Parkinson's disease affects over 6 million people worldwide, and this number is expected to double by 2040. When people develop Parkinson's disease, certain proteins misbehave, leading to the death of nerve cells. When these proteins misfold, they can form abnormal aggregates called Lewy bodies, which accumulate inside brain cells and disrupt their normal function.

One approach to finding potential treatments for Parkinson's disease is to identify small molecules that can inhibit the aggregation of α-synuclein. In this study, the team used machine learning techniques to rapidly screen a chemical library containing millions of entries to identify molecules that bind to and prevent the proliferation of amyloid-like protein aggregates. Ultimately, they identified five highly effective compounds.
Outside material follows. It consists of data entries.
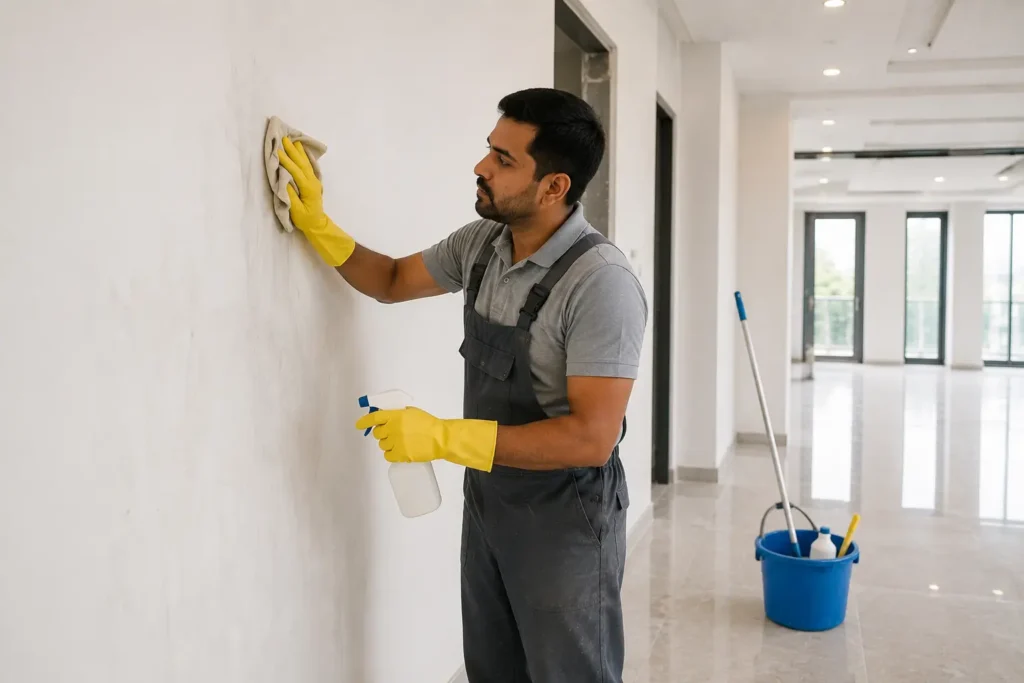 Professional Wall Cleaning in Modern Lobby-Post Construction Cleaning Chemicals 3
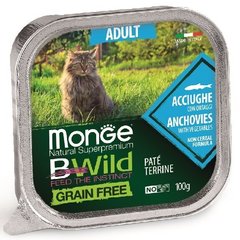 Monge Cat Вwild Grain Free Adult Anchovies with Vegetables - Консерва беззернова для дорослих котів з анчоусів з овочами 100 г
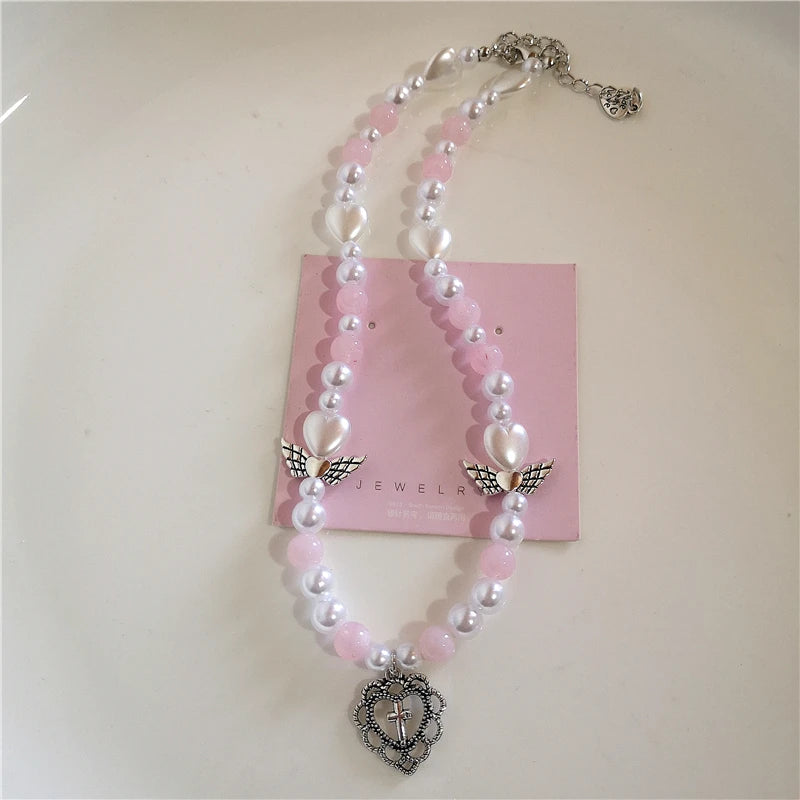 Lunivop Kpop Gothic Y2K Peach Heart Strawberry Bowknot Pendant Bead Choker Necklace For Girl 2000s Y2K EMO Aesthetic Jewelry Accessories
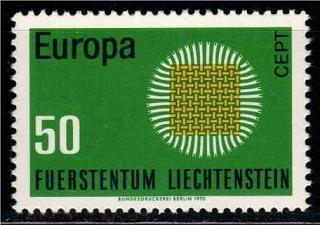 ** LICHTENŠTEJNSKO 1970: Společné vydání EUROPA CEPT, kat. 0,70 Mi€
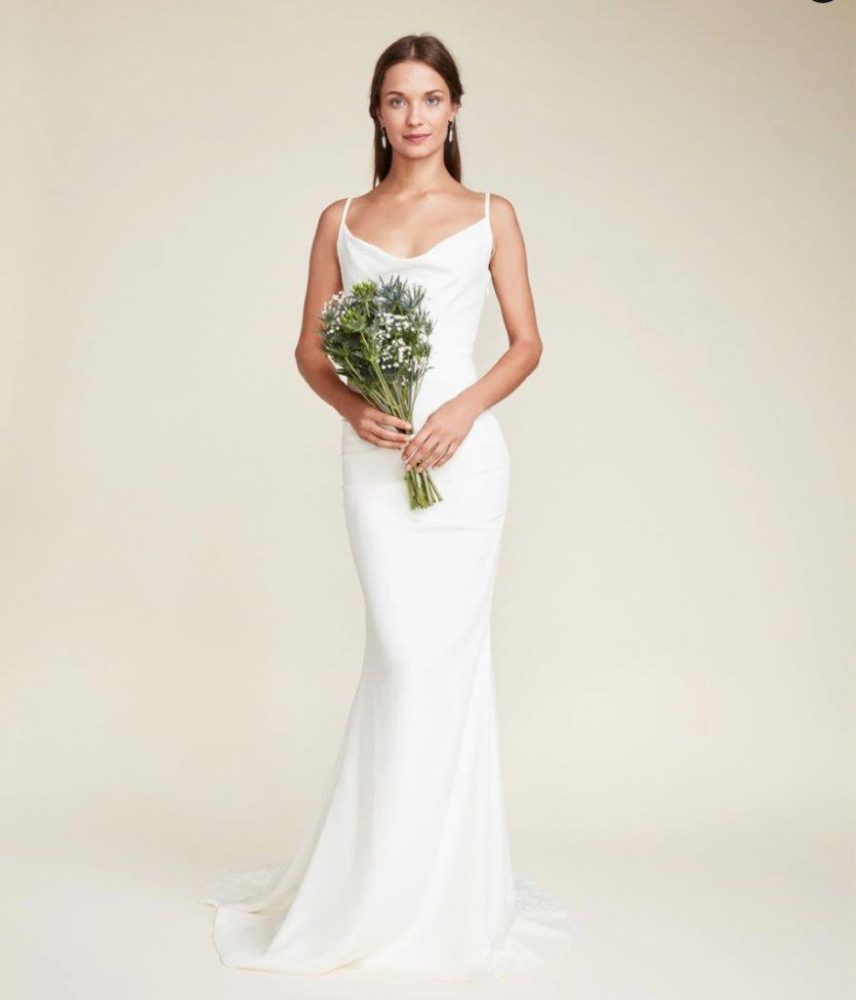Simple sheath bridal gown with cowl neckline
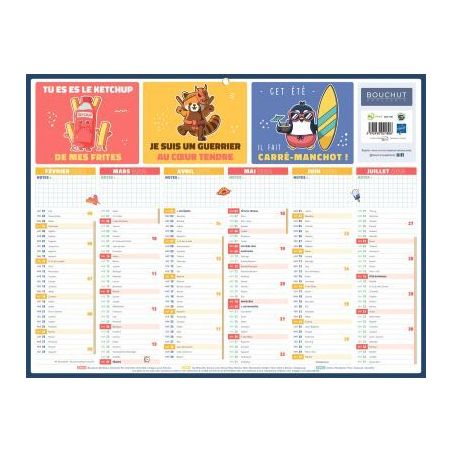 Achetez Calendrier semestriel 6 mois sur chaque face 32 x 42 cm PAPREGLESDEVIE BOUCHUT GRANDREMY pas..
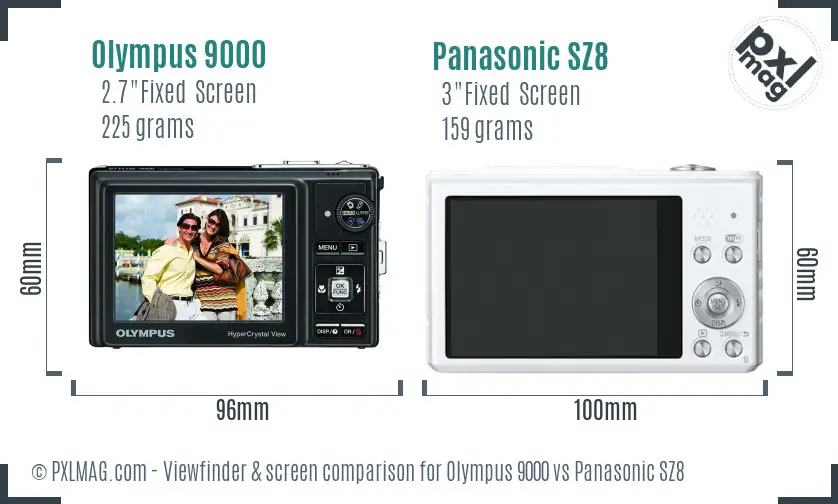 Olympus 9000 vs Panasonic SZ8 Screen and Viewfinder comparison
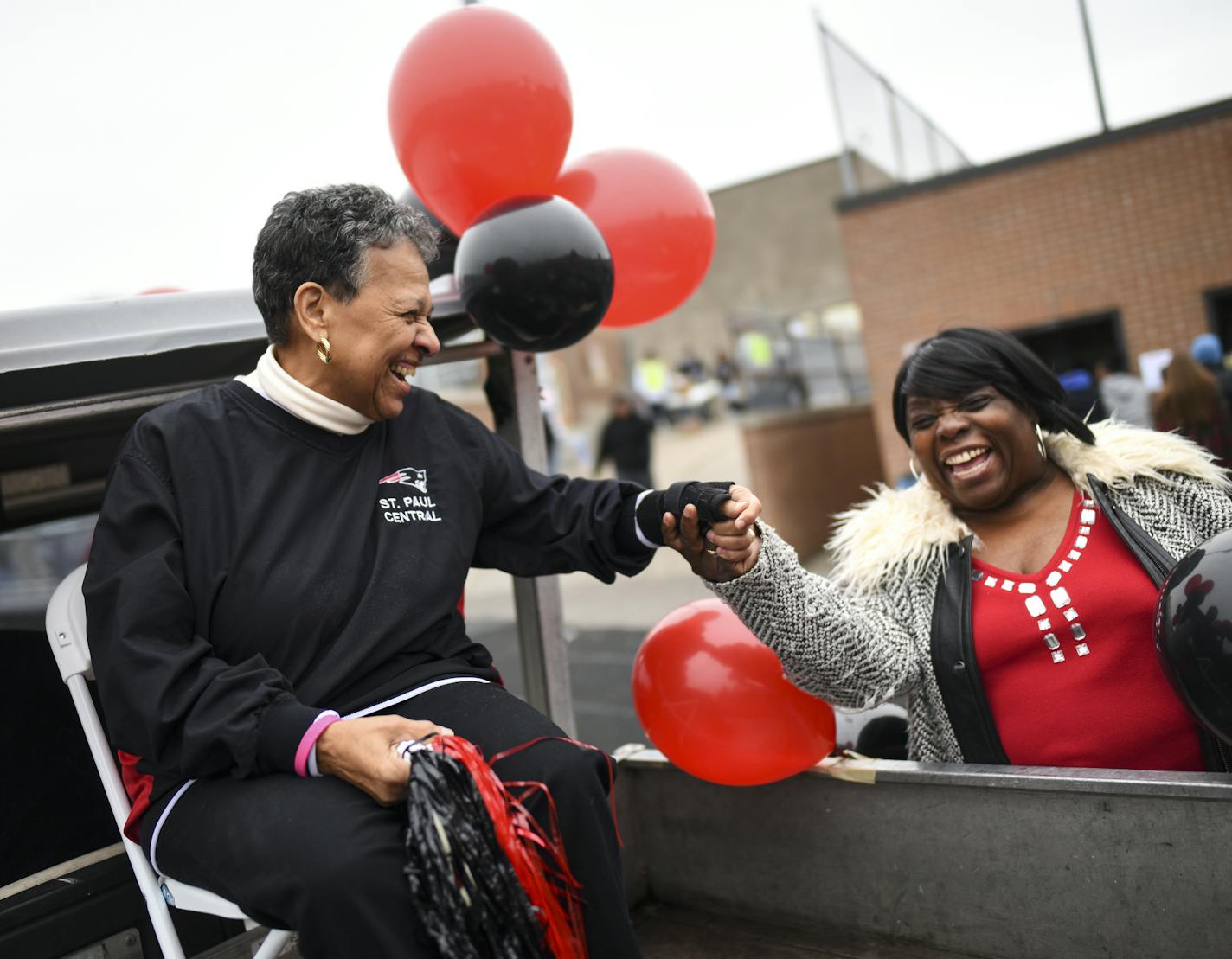 Central High School Principal Mary Mackbee was greeted by Peggy Cobbins Saturday afternoon before Mackbee was honored at the halftime of a St. Paul Central football game against Fridley. "We're so sad -- we're gonna miss her so much, " said Cobbins, who has had multiple children graduate under Mackbee at Central. ] AARON LAVINSKY &#x2022; aaron.lavinsky@startribune.com Longtime Central High School Principal Mary Mackbee, who is retiring after this school year, was honored at halftime of Central'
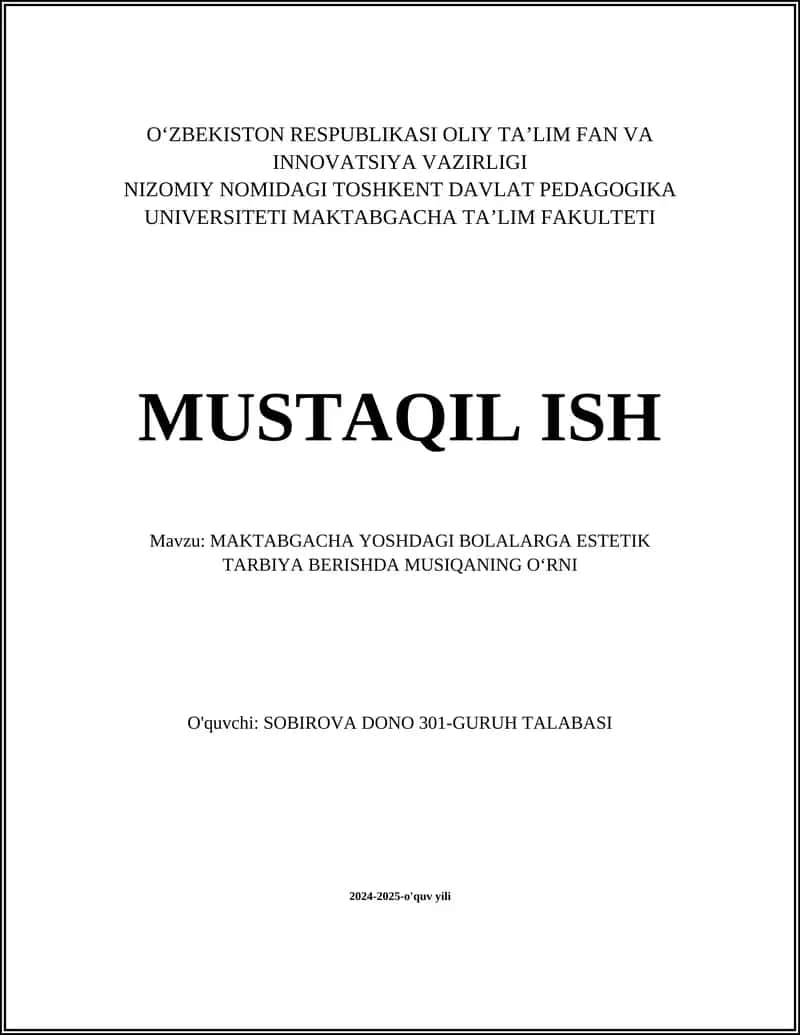 MAKTABGACHA YOSHDAGI BOLALARGA ESTETIK TARBIYA BERISHDA MUSIQANING OʻRNI 1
By leveraging AI technology, researchers accelerated the initial screening process tenfold and reduced costs by a factor of a thousand, meaning the development of potential therapies for Parkinson's disease can proceed much faster.

Using this approach, the research team developed a compound that targets pockets on the surface of aggregates, which are responsible for the exponential growth of the aggregates themselves. This compound's potency is hundreds of times greater than previously reported, and its development costs are much lower.

Professor Michele Vendruscolo, who led the study, stated that machine learning is having an impact on the drug discovery process by expediting the identification of the most promising drug candidates. With significantly reduced time and costs, multiple drug development programs can be pursued in the future.